Se questo è il quadro generale l'Inps sta comunque completando le operazioni di certificazione e di liquidazione delle pensioni. Il numero delle domande giacenti è sceso a 335 unità (erano 920 lo scorso novembre 2017) mentre sale il numero delle pensioni in pagamento. Sono 10.070 (erano 7.631 secondo l'ultima fotografia scattata a novembre scorso); vale a dire che oltre due terzi dei beneficiati hanno già ricevuto il pagamento della pensione. Sono invece 13.832 i lavoratori a cui è stata spedita la certificazione di salvaguardia, documento che sancisce la possibilità di partecipare al beneficio; confrontando i dati tra domande accolte e certificazioni inviate restano, quindi, meno di un migliaio di certificazioni da spedire. La maggior parte delle pensioni liquidate riguarda lavoratori del settore privato (sono meno 90 le pensioni liquidate ad ex dipendenti pubblici) per un onere che ad Agosto l'Inps quantifica in poco più di 83 milioni di euro.
La salvaguardia
L'ottava salvaguardia tutela coloro che con le regole vigenti prima della Riforma Fornero, avrebbero maturato la decorrenza della pensione entro il 6 gennaio 2018 o il 6 gennaio 2019 (a seconda dei diversi profili di tutela) oppure il diritto a pensione entro tre anni dalla scadenza dell'indennità di mobilità ordinaria o dello speciale trattamento edile.

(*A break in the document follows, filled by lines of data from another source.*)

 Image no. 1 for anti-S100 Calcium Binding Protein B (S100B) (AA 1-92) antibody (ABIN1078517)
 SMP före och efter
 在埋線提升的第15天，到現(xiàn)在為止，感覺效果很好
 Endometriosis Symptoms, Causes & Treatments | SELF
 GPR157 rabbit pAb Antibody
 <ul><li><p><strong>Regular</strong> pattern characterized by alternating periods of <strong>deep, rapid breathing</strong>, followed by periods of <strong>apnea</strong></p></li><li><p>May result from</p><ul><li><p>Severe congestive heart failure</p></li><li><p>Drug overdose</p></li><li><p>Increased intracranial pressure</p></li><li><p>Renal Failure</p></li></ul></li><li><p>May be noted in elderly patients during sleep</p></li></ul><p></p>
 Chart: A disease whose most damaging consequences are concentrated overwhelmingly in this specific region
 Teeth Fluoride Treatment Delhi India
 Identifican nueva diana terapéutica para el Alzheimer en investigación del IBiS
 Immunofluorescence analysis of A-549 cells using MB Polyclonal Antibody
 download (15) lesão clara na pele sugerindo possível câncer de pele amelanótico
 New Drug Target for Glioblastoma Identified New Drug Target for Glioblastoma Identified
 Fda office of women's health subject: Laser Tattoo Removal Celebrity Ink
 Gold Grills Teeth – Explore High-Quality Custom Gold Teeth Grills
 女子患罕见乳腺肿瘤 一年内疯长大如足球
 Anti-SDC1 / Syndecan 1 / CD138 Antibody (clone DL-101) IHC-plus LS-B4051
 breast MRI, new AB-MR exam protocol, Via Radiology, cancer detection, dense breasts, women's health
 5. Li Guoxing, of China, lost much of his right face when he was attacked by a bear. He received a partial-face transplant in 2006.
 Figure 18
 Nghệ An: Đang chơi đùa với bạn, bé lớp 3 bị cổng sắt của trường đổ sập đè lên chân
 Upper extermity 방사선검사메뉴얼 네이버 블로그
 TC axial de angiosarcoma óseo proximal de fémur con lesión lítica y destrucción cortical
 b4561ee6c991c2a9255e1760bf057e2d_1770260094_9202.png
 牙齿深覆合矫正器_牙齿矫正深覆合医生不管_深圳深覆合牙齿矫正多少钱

Per la partecipazione occorreva fare domanda all'Inps - a pena di decadenza - entro il 2 marzo dello scorso anno. Dunque chi non l'ha fatta, pur avendone i requisiti, è fuori dai giochi.
Il grossolano errore tra posti in palio e domande effettivamente accolte riaccende ogni anno la questione degli esclusi che secondo i sindacati ammonterebbero a poco meno di 6mila unità. Si tratta di disoccupati che avevano siglato accordi per l'uscita dal posto di lavoro prima del 31 dicembre 2011 e che, dunque, contavano di pensionarsi con le regole ante fornero entro pochi anni. Molte sono donne del settore privato prive di impiego rimaste impigliate tra le riforme Sacconi e Fornero. Persone in una sorta di limbo che non hanno potuto profittare dell'Ape sociale o della quota 41 perchè strumenti con maggiori vincoli sia oggettivi che soggettivi rispetto alla salvaguardia pensionistica (pesa soprattutto la mancata inclusione di chi ha risolto in via consensuale il rapporto di lavoro o si è dimesso); nè quasi sicuramente potranno ambire ad una ipotetica quota 100 per via dell'elevato maturato contributivo che sarebbe richiesto (38 anni). Per questo motivo, anche visto l'ampio sottoutilizzo delle risorse, i sindacati chiedono un ultimo provvedimento di salvaguardia pensionistica.